I stared close up into his blue eyes and instantly calmed down.

“Okey dokey,” I whispered back.

His eyes smiled.

My body shivered.

With his hand at my neck, I knew he felt it and I knew it more when his fingers curled deeper into my flesh and something flashed in his eyes that made me shiver someplace he couldn’t see but I could feel. A lot.

Time to go.

“I could probably sell plasma and a kidney but I don’t even think that will work so, um, can I just leave my sister to deal with this?” I asked politely, wanting to move from the strength of his hand but scared to do it.

“No one takes a blade to you for Ginger,” he said quietly.

“Okay,” I replied.

“Or at all,” he kept going.

“Um…” I mumbled. “Okay.” I said this because I didn’t want anyone to take a blade to me for Ginger or at all either and I didn’t want that in a big way.

His fingers curved deeper into my neck and he pulled me up a bit so I was almost on my toes and his face was closer. Way closer. Too close. Shiver close.

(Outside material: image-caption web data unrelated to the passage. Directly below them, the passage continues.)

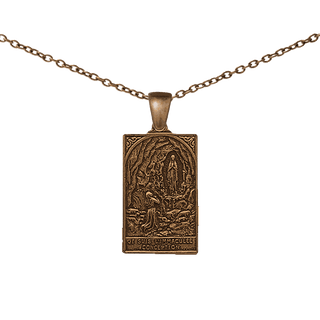 Vintage Bronze I Am the Immaculate Conception Plaque Medal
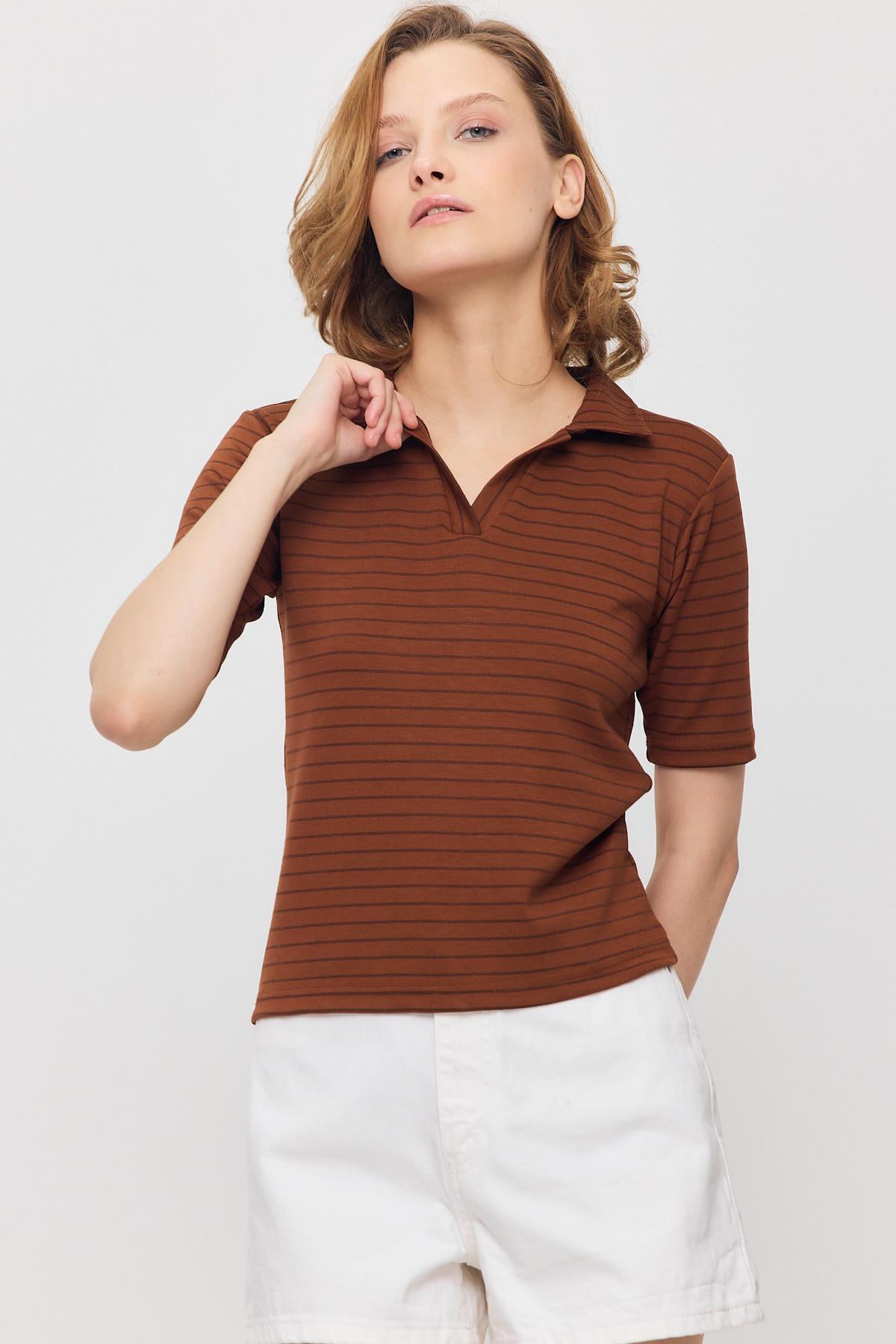 4449A V Yaka Çizgili Kısa Tişört Taba - 6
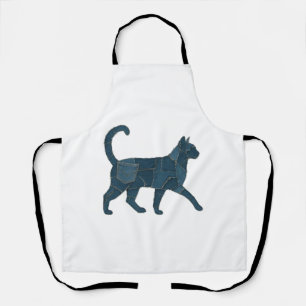 Delantal Retro Funny Denim Parche Animal Cat T-Shirt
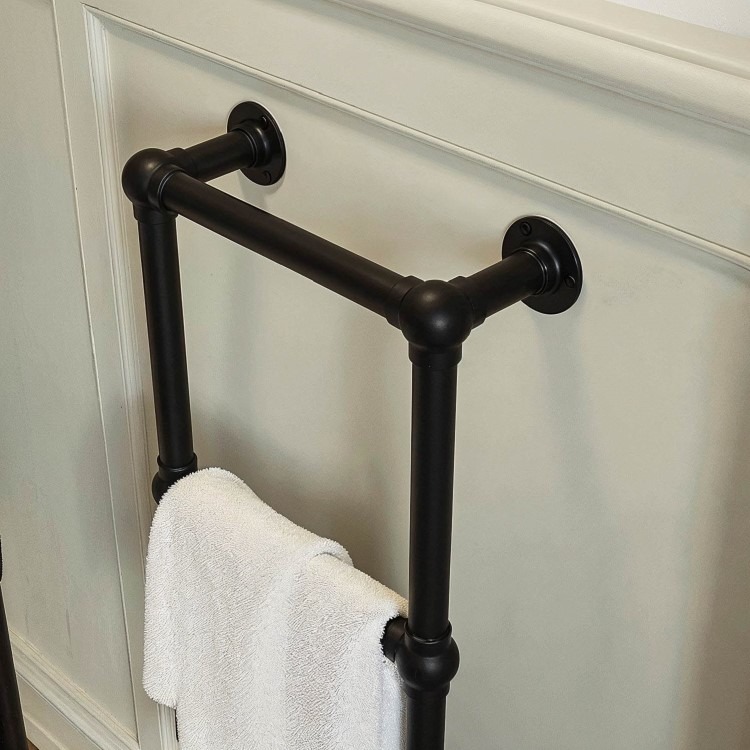 Black Vertical Traditional Towel Radiator 700 x 400mm - Regent - Image 3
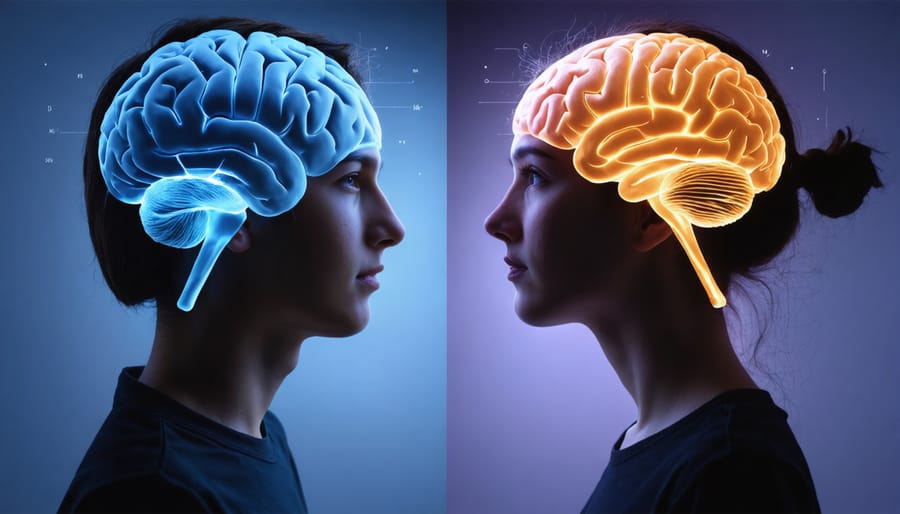 Medical illustration comparing sleep patterns in male and female adolescent brains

“I don’t think you get what I’m sayin’ to you.” He was still talking quietly. “This Ginger shit heats up, you get on radar, you mention my name, yeah?”

Oh no. This didn’t sound good. This sounded worse than owing a biker gang two million dollars. And I suspected there weren’t a lot of things worse than that but, if there were, Ginger would find them.

“Um…if you’re asking ‘yeah?’ as in, ‘Yeah, I get you’, then no, I don’t get you,” I told him honestly because I was thinking with Tack honesty was the best policy.

“All right, peaches, what I’m sayin’ is, you get in a situation, you mention my name. That means protection. Now do you get me?”

“Um… kind of,” I answered, “but why would I get in a situation?”

“Your sister has shit where she lived, she’s shit where she didn’t live, she’s shit everywhere. You walked in here and had no clue. Don’t bumble into another situation because others…” he paused, “they might not find you cute like I do.”

“Okay,” I whispered, liking that he found me cute at the same time regretting my decision not to call my father or, say, get on a plane and fly to France. “If I um… have to use your name… um, what does that mean?”

“It means you owe me.”

Oh boy.

“Owe you what?”

He grinned but didn’t answer.

Oh boy!

“Owe you what?” I repeated.

“I gotta get on my bike and get you out of a situation, we’ll talk about it then.”

“I’m sure I’ll be fine,” I assured him and said a short prayer in hopes of making that true.

His grin got bigger.

Then he let me go but slid my purse off my arm and before I could make a peep, he dug into it. I decided to let him have at it. He’d already touched me and I wasn’t certain I wanted that to happen again because I wasn’t certain what my response would be but I was certain that jumping his bones was high up on the list of possibles. I also figured he could best me in a fight for my purse so I was going to let him take what he wanted. My best lip gloss was in that purse but at that point, if he wanted it to give to one of his bitches, I was willing to let it go.

He came out with my cell, flipped it open, his thumb hit buttons, he flipped it closed, dropped it into my purse, then slid it back on my arm.